- **INFORMATION**
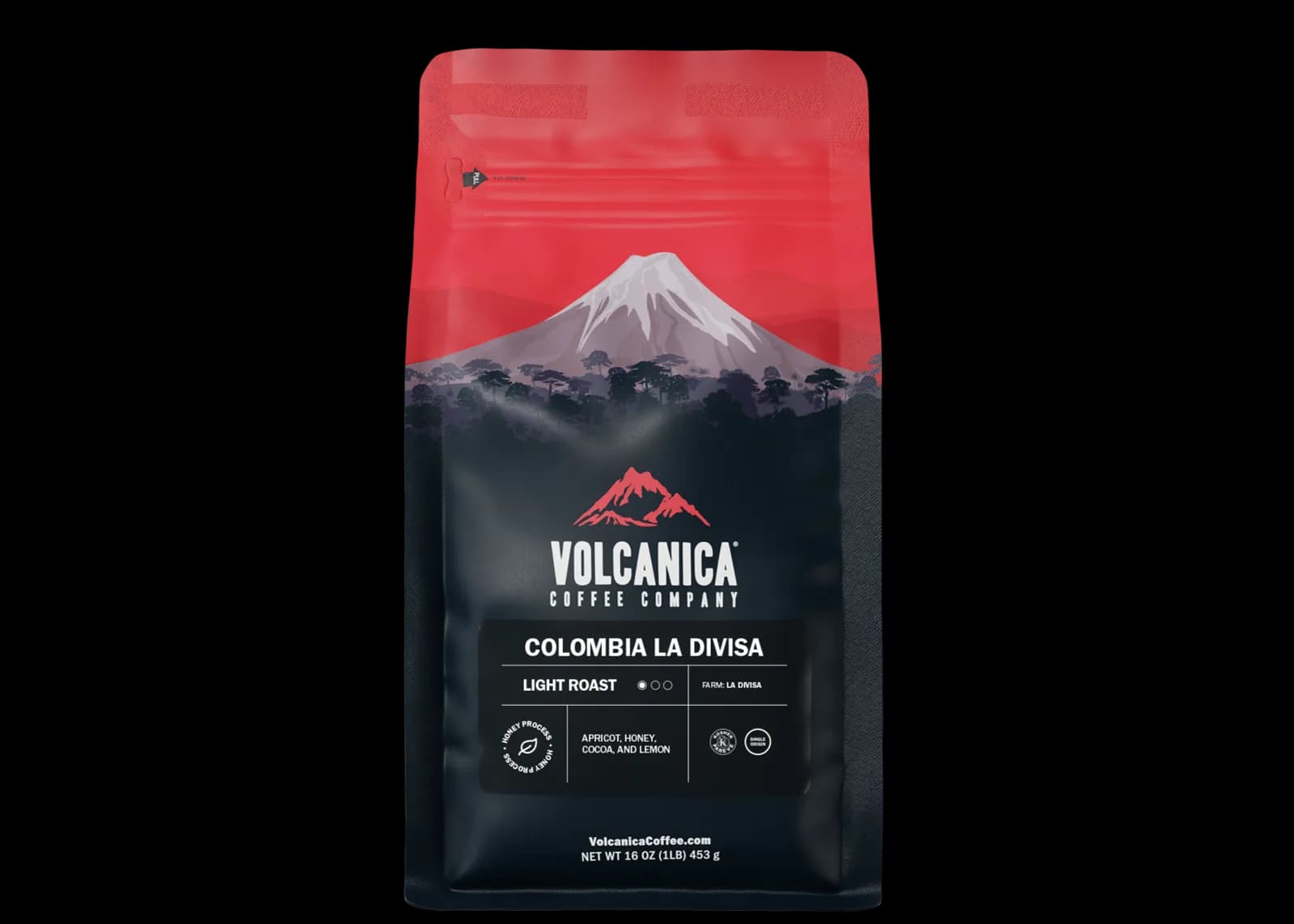 Colombia La Divisa Coffee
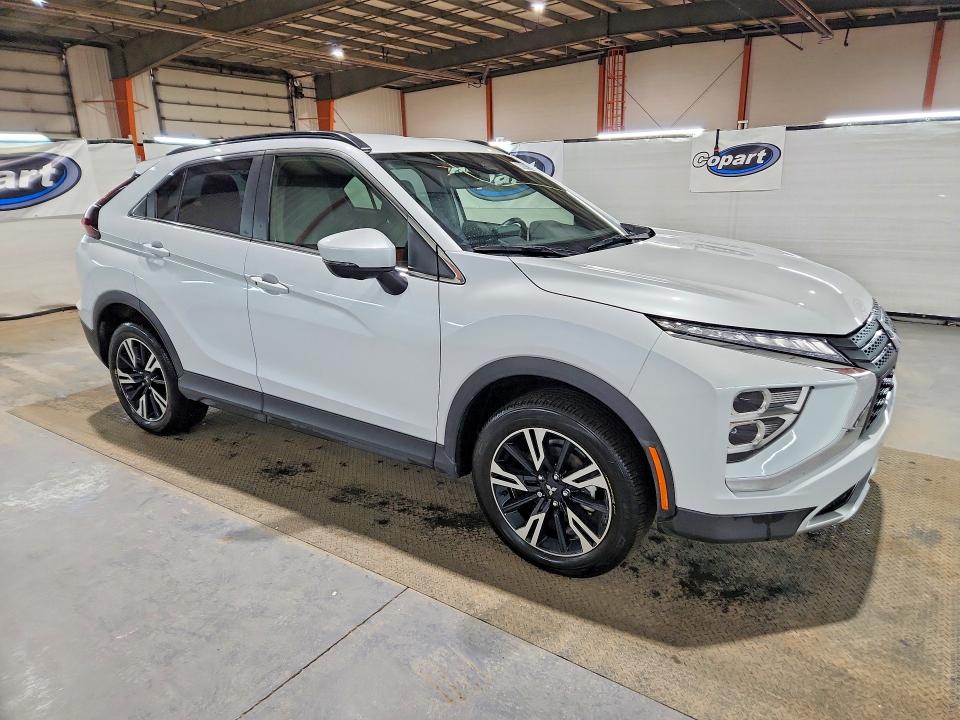 2024 Mitsubishi Eclipse Cross მანქანა იყიდება აუქციონზე, vin: JA4ATVAA3RZ631540, აუქციონის ნომერი: 66845826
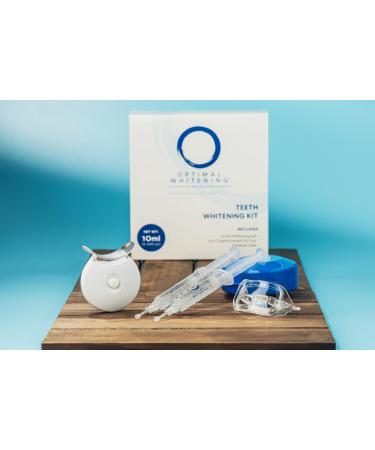 Advanced Teeth Whitening Kit Hollywood Smile Results 0.11 Fl Oz.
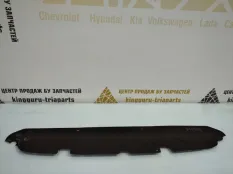 Защита бампера BMW X3 2017-2021 51757404241 G01 ДО РЕСТАЙЛИНГ, задняя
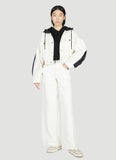 Moncler X Alicia Keys Women Wide Leg Pants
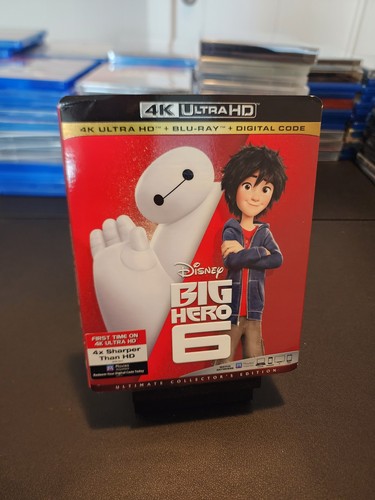 Big hero - hero, hd,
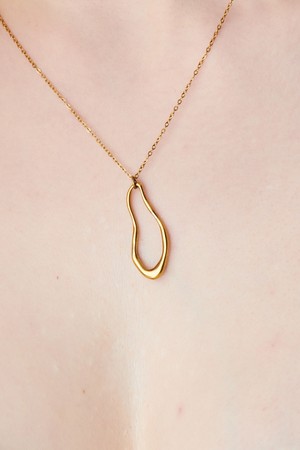 [WP] #20 Wave Line (Gold)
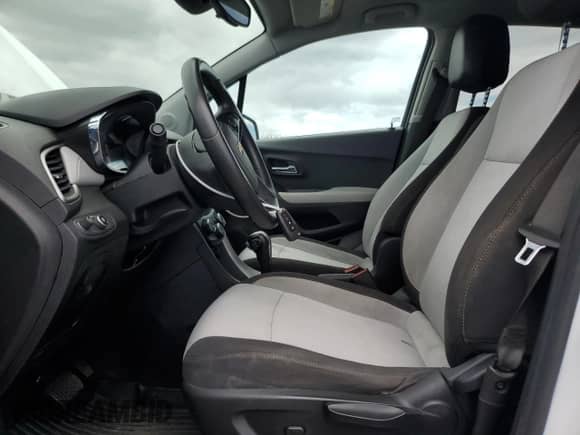 2020 Chevrolet Trax LT z VIN 3GNCJLSB7LL200222, wystawiony jako Copart lot #80557415 z przebiegiem 67 534 mil mil oraz Szkoda całkowita • Salvage title. Historia ofert i sprzedaży dostępna na DreamBid. Obrazek 7.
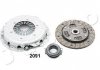 Комплект зчеплення Citroen C1/Peugeot 107/Toyota AYGO 1.0 05- (190mm) 922091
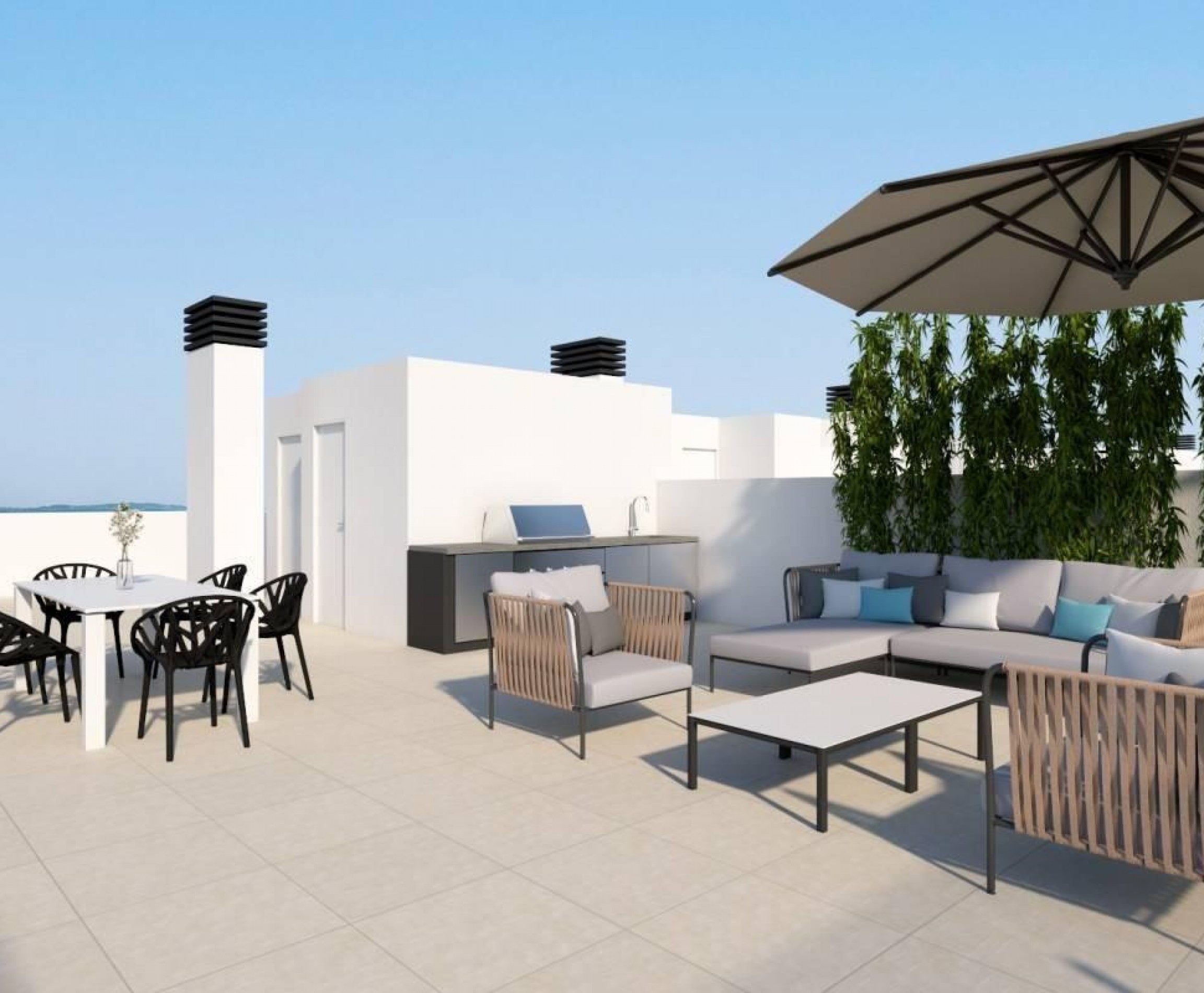 New Build - Penthouse - Santa Pola - Costa Blanca South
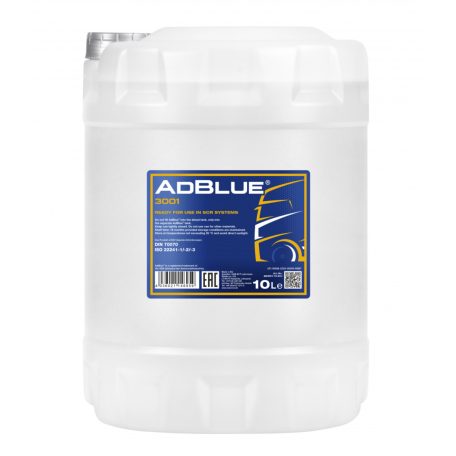 Mannol 3001 Adblue (10 L)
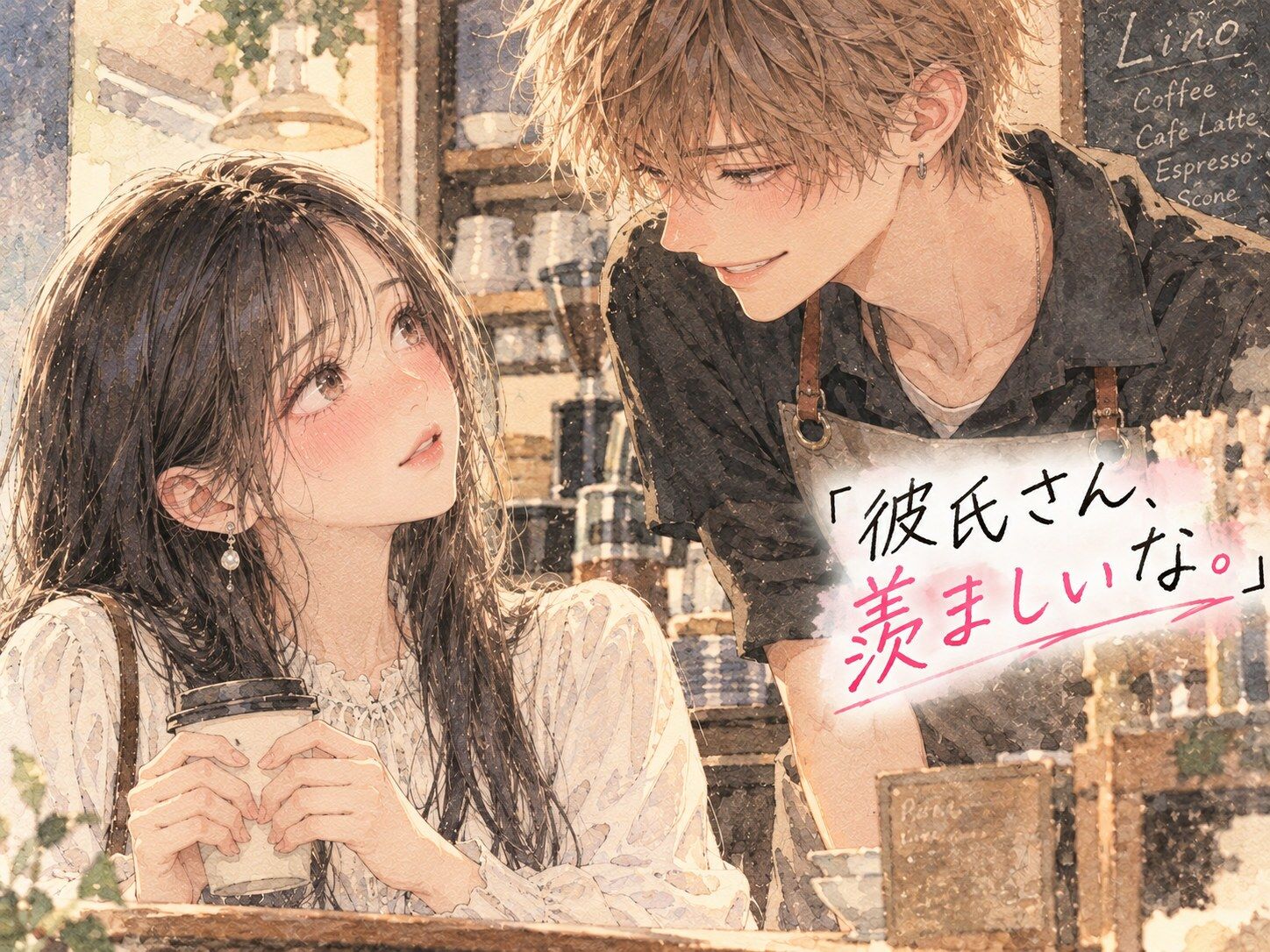 清楚で真面目な彼女が、チャラい大学生と浮気していた。 画像2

- **PROBLEM**
The copy you give must run from the line containing "Mannol 3001 Adblue (10 L)" through the last line of the records, exactly, with the pictures left out.

- **SOLUTION TO THE PROBLEM**
 Mannol 3001 Adblue (10 L)
 清楚で真面目な彼女が、チャラい大学生と浮気していた。 画像2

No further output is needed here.